To make the terminology easier, we will use a term “we” to describe the first player, and “he” to describe the second player. “we can win a subtree” means that we can win it, if we go first there, “he can win a subtree” means that he can win it if he goes first (so “if one goes first” is always assumed and omitted). If we want to say that “we can win going second”, we will instead say “he cannot win [going first]” or “he loses [going first]”, which has the same meaning
Now we need to consider six cases (three possible parities of children multiplied by whether one can skip a turn or not). In all cases we assume that both children have at least two turns in them left. Cases when a child has no turns left (it is a leaf node), or when it has only one turn left (it is a node whose both children are leaves) are both corner cases and need to be handled separately. It is also important to note, that when one starts handling those corner cases, he will encounter an extra state, when the players have to skip a turn, even if it is not beneficial for whomever will be forced to do that. We call such state “forceskip”. In the case when both subtrees have more than one turn left, forceskip and canskip are the same, since players can always agree to play in such a way, that the skip, if available, is used, without changing the outcome. Below we only describe canskip and noskip cases, in terms of transitions from canskip and noskip states. One will need, however, to introduce forceskip state when he handles corner cases, which we do not describe in this editorial. The answer for forceskip will be the same as the answer for skip in general case, but different for corner cases.

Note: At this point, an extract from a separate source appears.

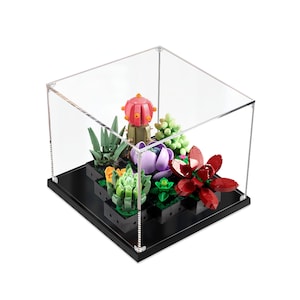 Acrylic Display Case for LEGO® Succulents 10309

even-even-noskip: the easiest case, described above, it is enough if we win any of the subtrees with no skip.
even-even-canskip: this case is similar to a case when there’s one odd subtree and one even subtree, and there’s no skip (the skip can be just considered as an extra turn attached to one of the trees), so the transition is similar to the one for odd-even-noskip case described below. We win iff we can win one tree with canskip, and he cannot win the other with noskip.
odd-even-noskip: if we can win the odd tree without a skip, and he cannot win the even tree without a skip, then we make a turn into the odd tree, and bring it into the even-even-noskip case, where he loses both trees, so we win. The other, less trivial, condition under which we win is If we can win the even tree with canskip, and he can’t win the odd tree with canskip. A motivation for this case is that odd subtree with a skip is similar to an even subtree, so by making a turn into the even case, we bring our opponent to an odd-odd case, where he loses both threes with a skip, which means that no matter which tree he makes a turn into, we will be responding to that tree, and even if he uses another tree to make a skip, he will still lose the tree into which he made his first turn. Since we make the last move, we win.
odd-even-skip: this is a simple case. We can consider the skip as an extra turn in the odd subtree, so as long as we can win even subtree with no skip, or odd subtree with a skip, we win.
odd-odd-noskip: we need to win either of the subtrees with a skip to win.
odd-odd-skip: to handle this case we can first consider immediately skipping: if he loses noskip case for the current subtree, then we win. Otherwise we win iff we can win one of trees with a skip, and he can’t win the other without a skip.
The more detailed motivation for each of the cases is left as an exercise.